_YOUR INSTRUCTIONS_
Only one stretch of the listing below is wanted. Begin at the line that has "preview picture of", stop after the line that has "Галлюциногенные грибы ЛСД Бор", and repeat every line in between exactly.

··· TASK INPUT ···

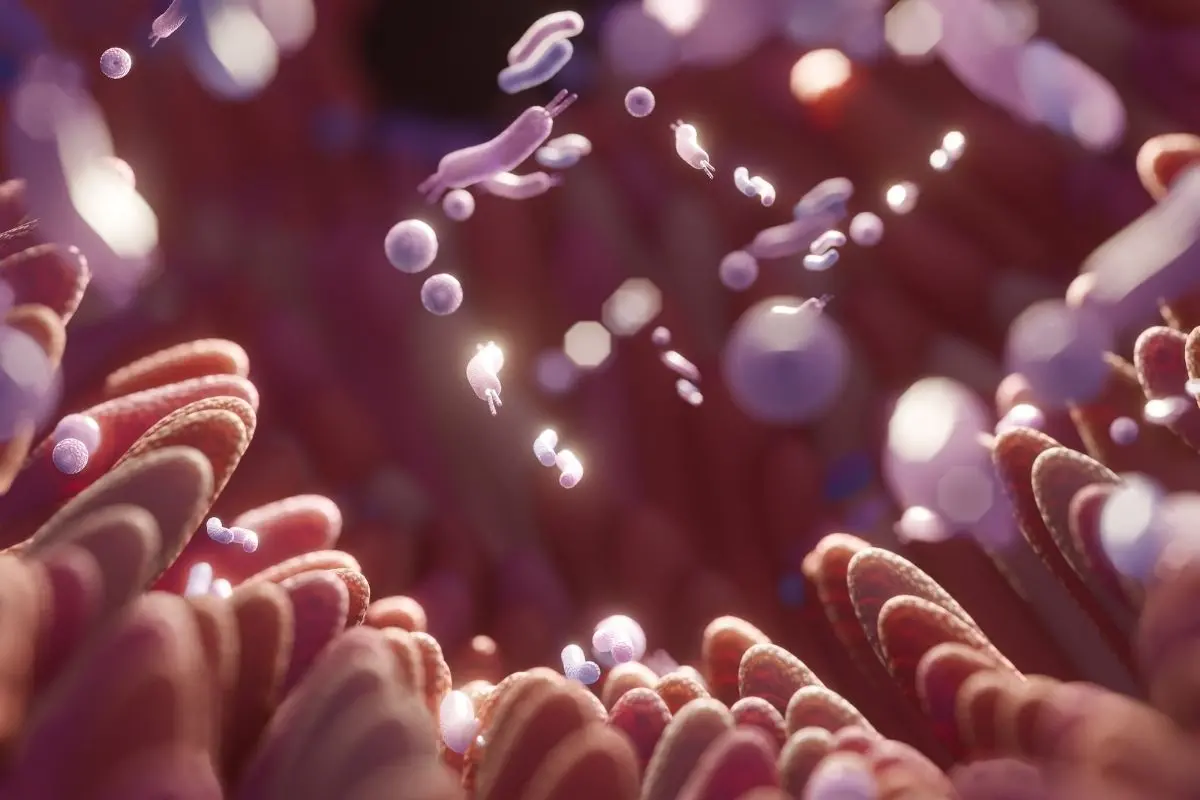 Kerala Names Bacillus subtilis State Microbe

···
··· TASK INPUT ···

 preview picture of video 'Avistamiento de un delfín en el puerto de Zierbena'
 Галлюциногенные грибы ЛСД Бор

···
··· TASK INPUT ···

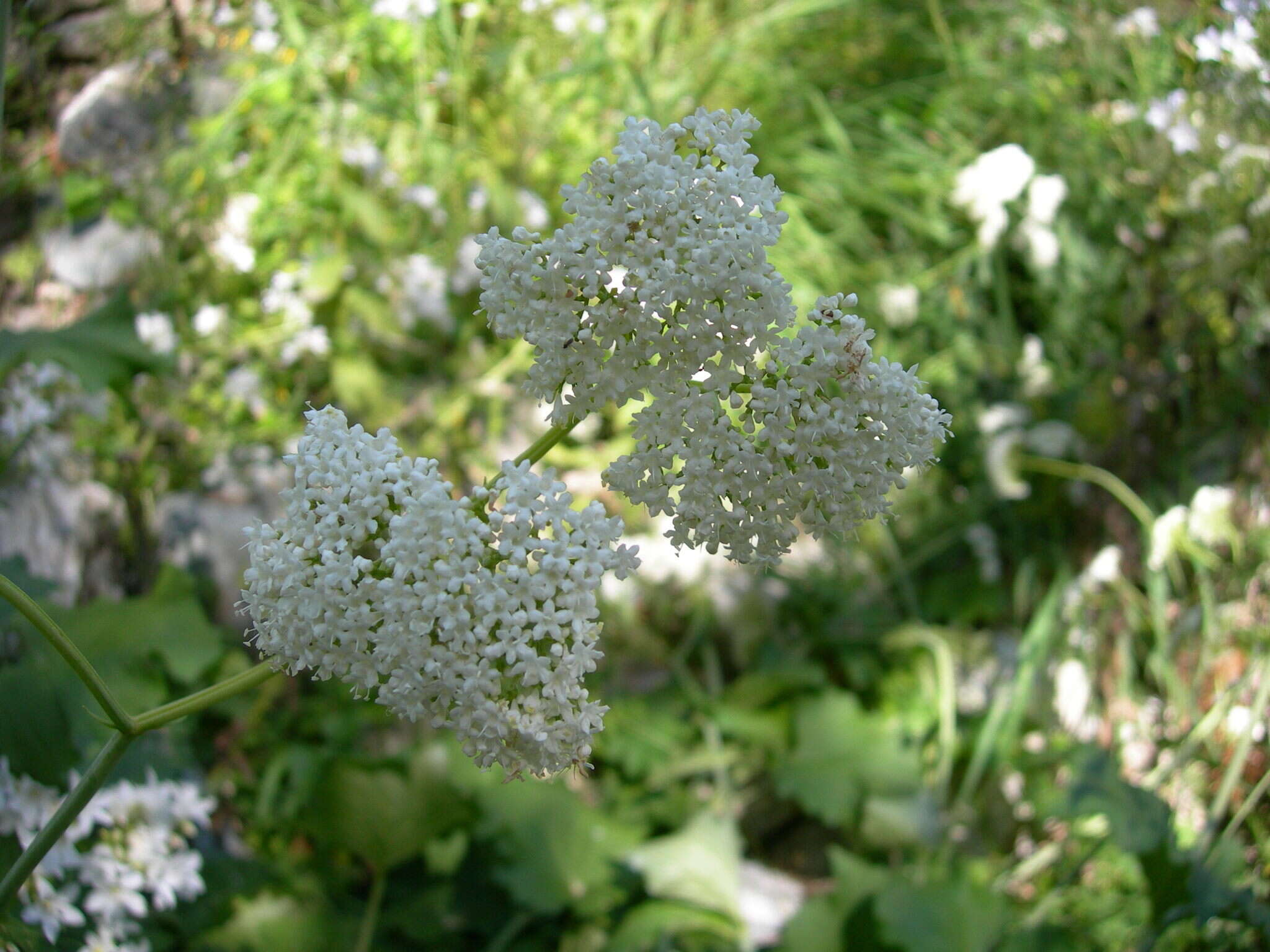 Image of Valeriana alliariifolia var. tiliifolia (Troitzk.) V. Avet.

···

_RESPONSE_
 preview picture of video 'Avistamiento de un delfín en el puerto de Zierbena'
 Галлюциногенные грибы ЛСД Бор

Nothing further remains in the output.